La mediazione statunitense lavora in sinergia con quella europea/francese. La Francia non ha infatti rinunciato al proprio ruolo di co-presidente e in queste settimane ha lavorato alacremente e ha raccolto una proposta nata dai partner europei orientali: far partire una missione di monitoraggio europea fra Armenia e Azerbaijan. Pashinyan è volato a parlarne con Macron e l’ha ottenuta. L’Armenia stremata dalla guerra e con un rapporto di forza rivelatosi altamente deficitario verso l’Azerbaijan, tradita nelle proprie aspettative di intervento russo ripete da due anni che è necessaria una forza di interposizione per tutelare la propria integrità territoriale. L’Organizzazione del Trattato di Sicurezza Collettiva ha criticato la richiesta e anche recentemente con la Russia sono volati stracci per questo, in un periodo che è sicuramente al minimo storico dei rapporti armeno-russi.

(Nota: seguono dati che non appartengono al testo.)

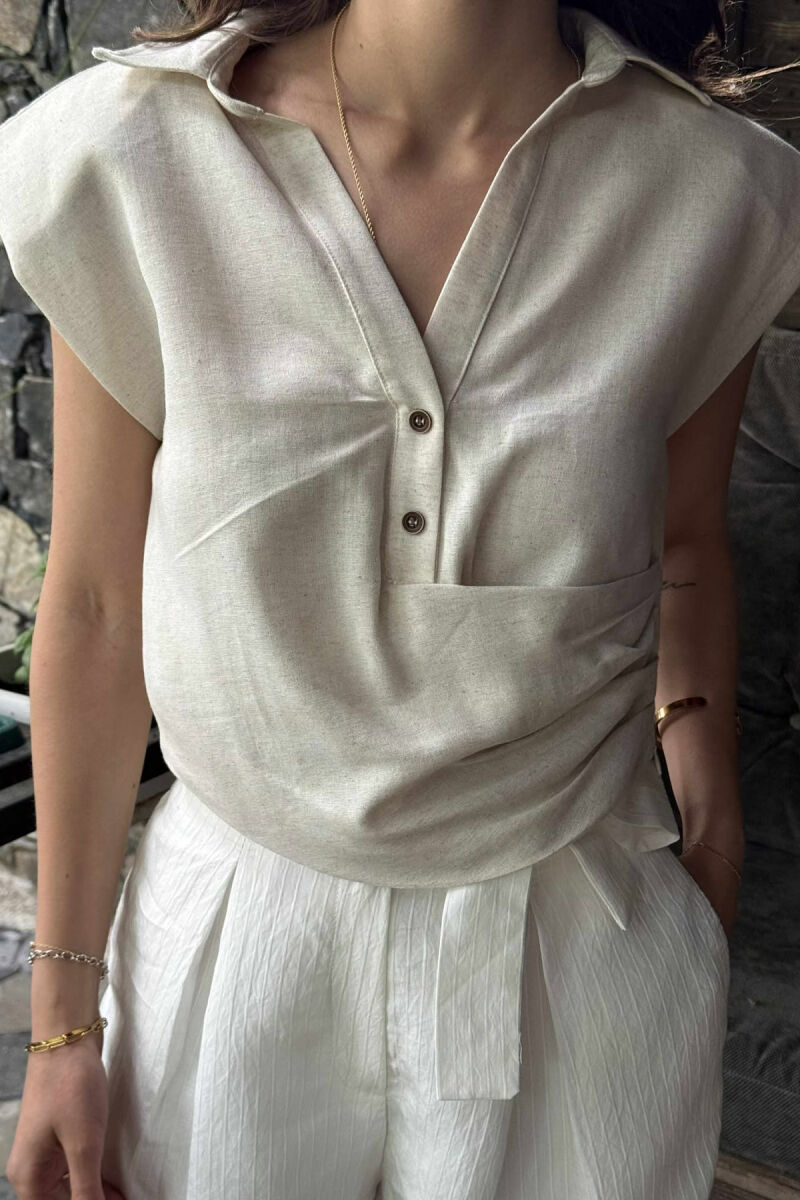 TWO BUTTONS POLO NECK WOMEN TANK TOP CREAM/KREM - 3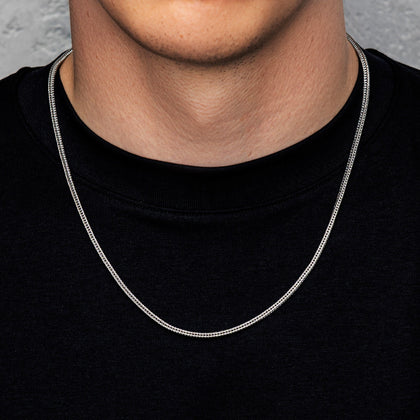 Nouvelle chaîne Franco 2,5 mm en or blanc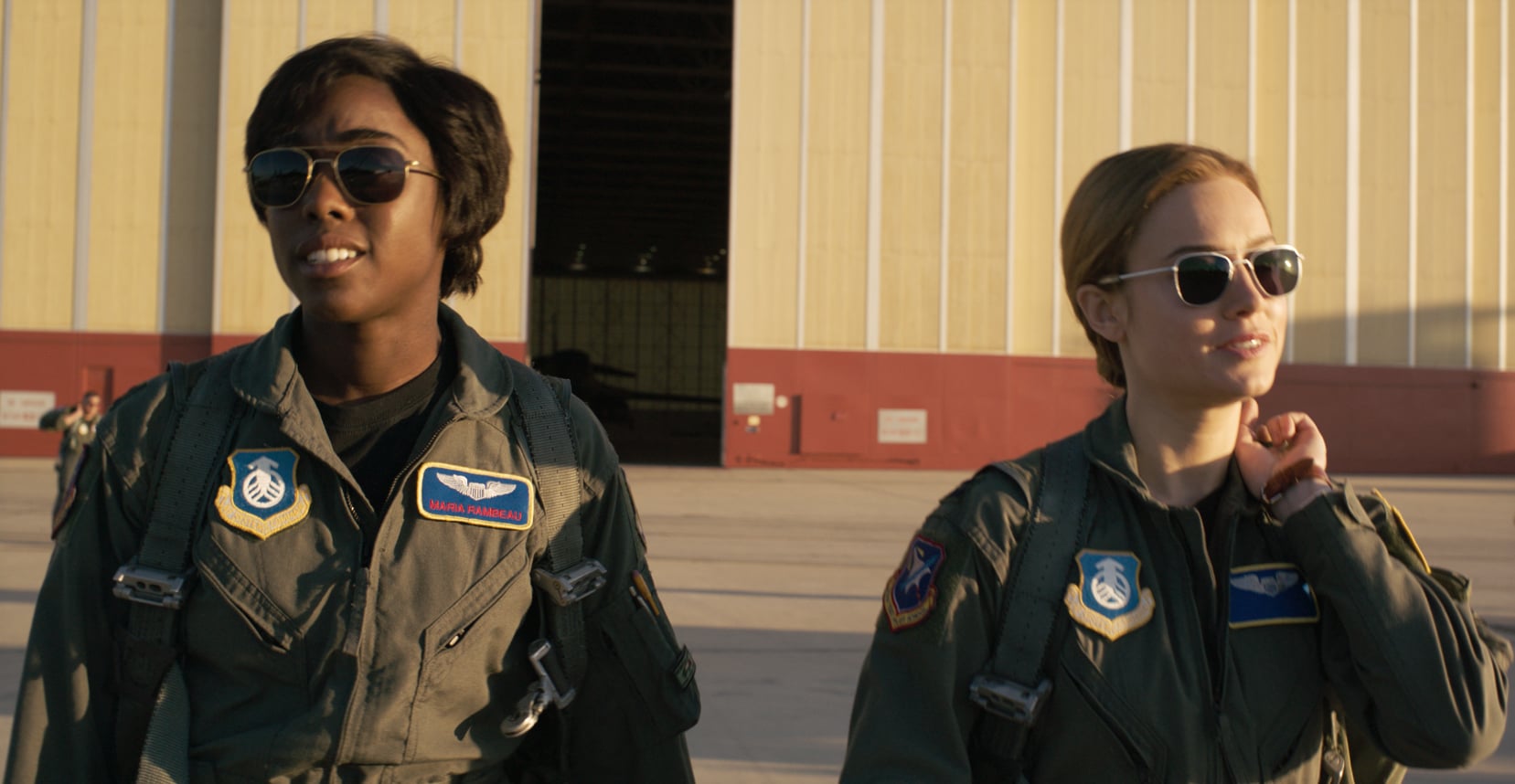 Marvel Studios' CAPTAIN MARVEL..L to R: Maria Rambeau (Lashana Lynch) and Captain Marvel (Brie Larson) ..Photo: Film Frame..©Marvel Studios 2019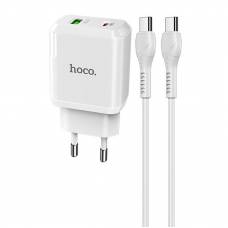 СЗУ HOCO N5 PD 20W+ QC3.0 (1USB/1Type-C/3A) + Type-C - Type-C СЗУ HOCO N5 PD 20W+ QC3.0 (1USB/1Type-C/3A) + Type-C - Type-C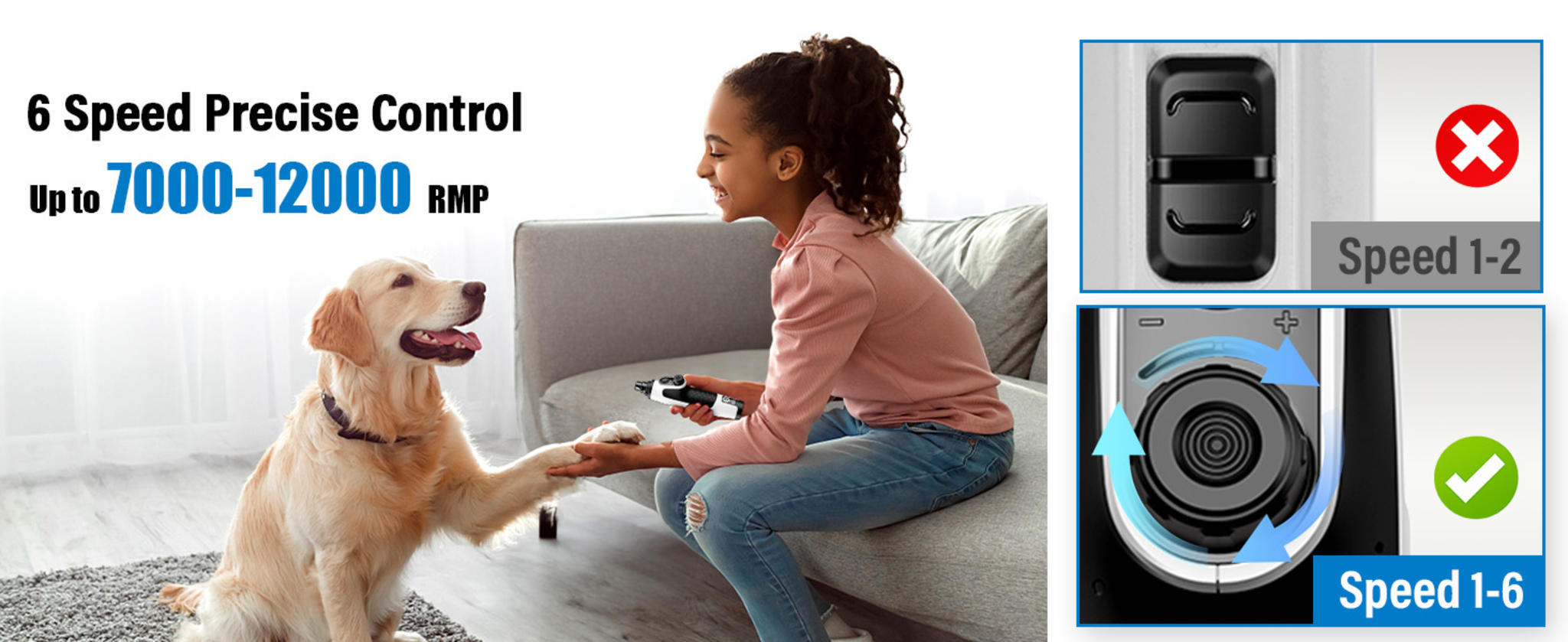 Smart 6-Speed Dog Nail Grinder with Dual LED Lights and 50% More Power image 12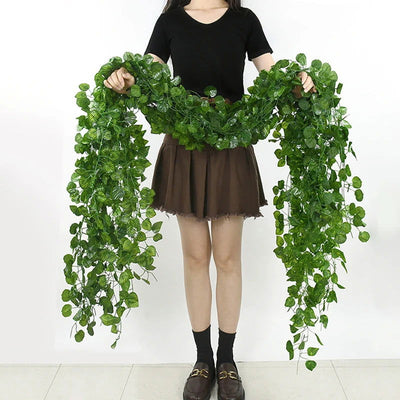 2.1M Artificial Plant Green Ivy Leaf Garland Silk Wall Hanging Vine Home Garden Decoration Wedding Party DIY Fake Wreath Leaves - Slobuy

La missione europea sarà solo civile e avrà come scopo il monitoraggio del confine tra Armenia e Azerbaijan, per quando ancora non delimitato. Anche se si dislocherà solo sul lato armeno – e non sconfinerà nel territorio azero – dovrà necessariamente coordinarsi con la controparte azera. Il dispiegamento è già in fase di implementazione, con un primo contingente che darà le valutazioni del caso e che è già a Yerevan. Va ricordato che lungo il confine si registrano quotidianamente scambi di colpi d’arma da fuoco anche se non sempre confermati dalle parti, e che la questione delle mine è seria e spinosa. È quindi una missione civile che sta nascendo con grosse sfide e rappresenta un compromesso rispetto ad una missione vera e propria di peace-keeping. Del resto quest’ultima si sarebbe affiancata a quella russa presente in Karabakh, con la quale difficilmente si sarebbe potuta coordinare e in generale la presenza di militari europei sarebbe stata difficilmente conciliabile con la consistente presenza militare russa in Armenia. Inoltre contro la presenza di militari europei si è anche espresso l’Iran.
Una complessità e compresenza di fattori che anche in questa forma rende il quadro molto anomalo, un coacervo di forze che fotografa l’unicità regionale del conflitto.